Mastering Rust's Atomics: Build Lightning-Fast Lock-Free Data Structures

ruby

Mastering Rust's Atomics: Build Lightning-Fast Lock-Free Data Structures

Explore Rust's advanced atomics for lock-free programming. Learn to create high-performance concurrent data structures and optimize multi-threaded systems.

Dec 6, 2024

Mastering Rust's Atomics: Build Lightning-Fast Lock-Free Data Structures

Rust’s advanced atomics open up a whole new world of possibilities for creating lock-free data structures. I’ve spent countless hours exploring this fascinating area, and I’m excited to share what I’ve learned.

Let’s start with the basics. Atomics in Rust are special types that guarantee atomic operations, meaning they can be safely shared between threads without the need for locks. These types include AtomicBool, AtomicI32, AtomicUsize, and more.

The real power of atomics comes from their ability to perform operations that are both atomic and ordered. This is where memory ordering comes into play.

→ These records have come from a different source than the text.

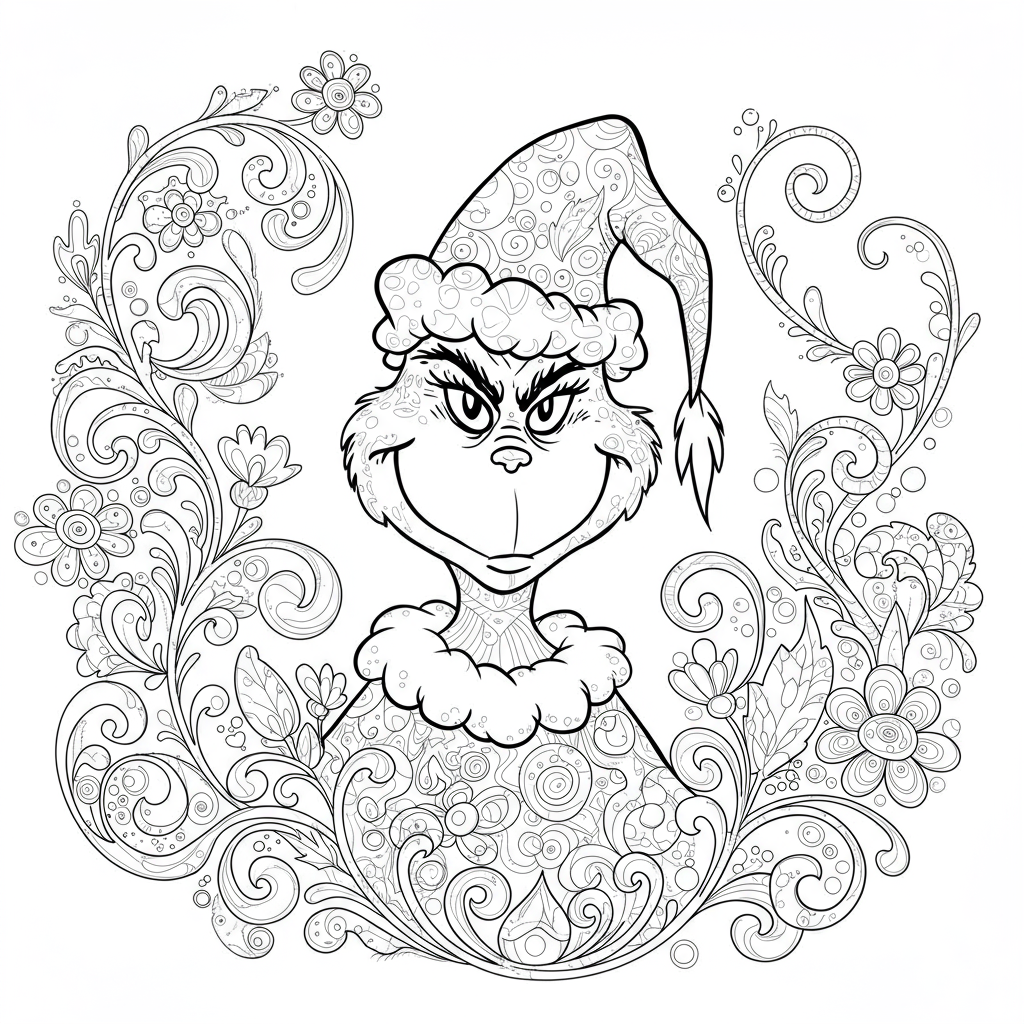 grinch flowers coloring page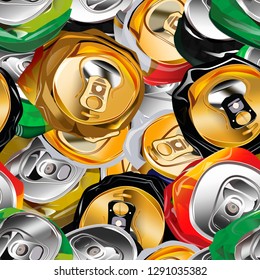 Seamless pattern crumpled cans. Vector crushed red, green, black, blue  aluminum beverage cans illustration. Crushed junk can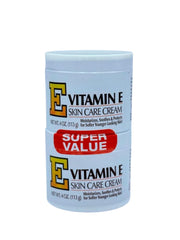 Close-up of Vitamin E Skin Care Cream jar label—moisturizing formula.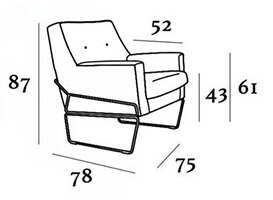 Medidas de la silla Izan de J. Calvo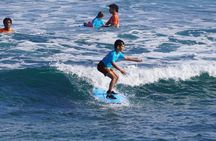 Surfing lesson at beautiful beach Playa Encuentro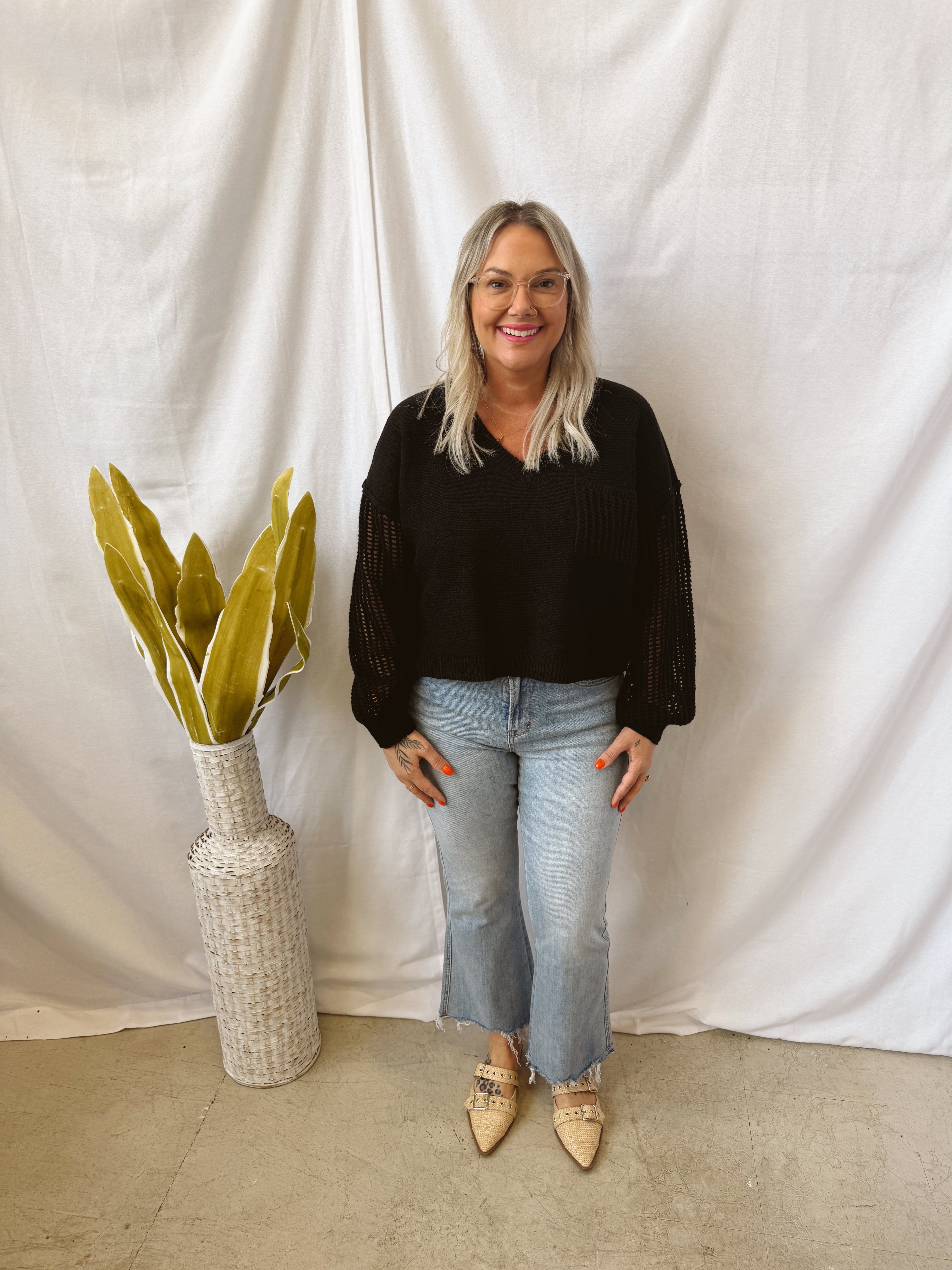 Knit V Neck Sweater Top-Black-Sweaters-eesome-The Silo Boutique, Women's Fashion Boutique Located in Warren and Grand Forks North Dakota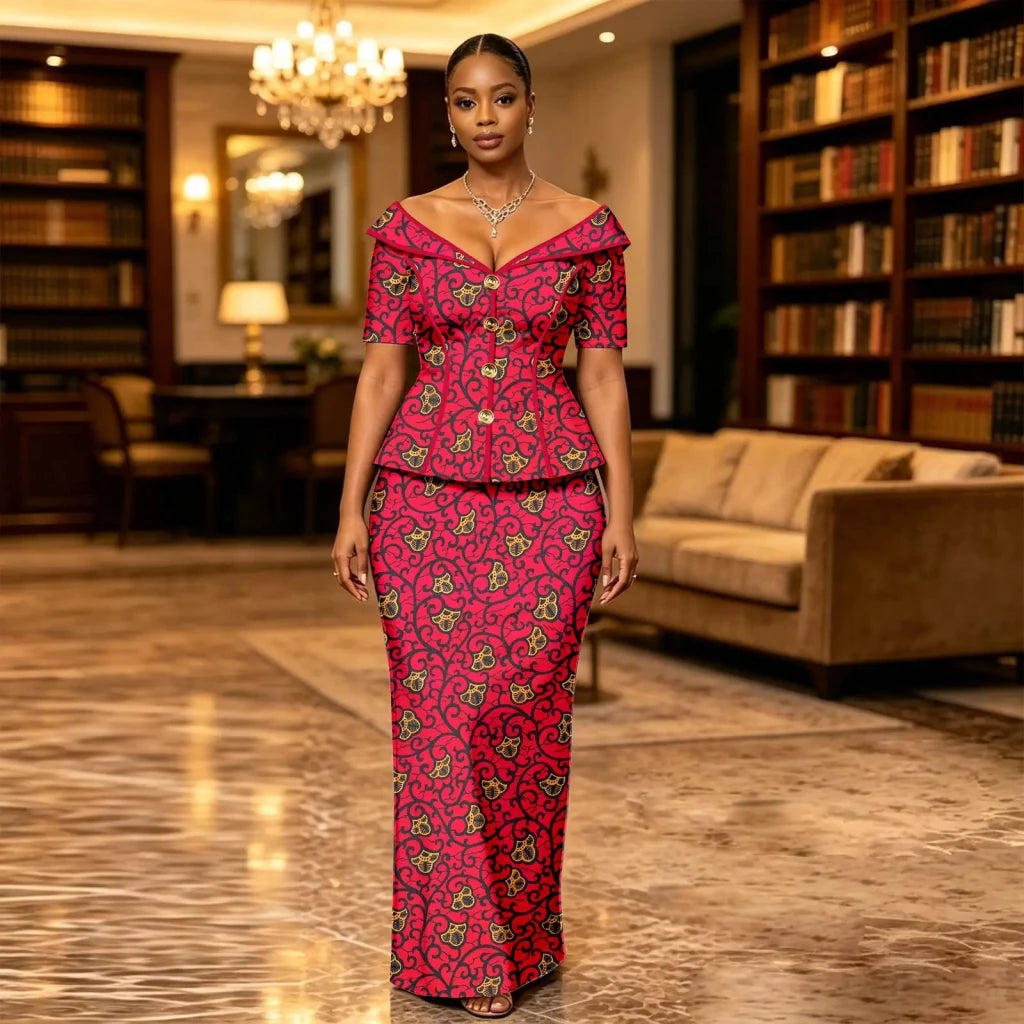 African Suit for Women Ankara Print V-Neck Short Sleeve Top with Button and Floor-Length Skirt Two Piece Elegant Dress 2626047 - Free Delivery Worldwide only at Flexi Africa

Rust provides several memory ordering options: Relaxed, Release, Acquire, AcqRel, and SeqCst. Each of these has different guarantees and performance implications.

I’ve found that Relaxed ordering is often sufficient for simple counters or flags, while Release and Acquire are crucial for implementing more complex data structures. SeqCst, the strictest ordering, is rarely needed but can be useful in certain scenarios.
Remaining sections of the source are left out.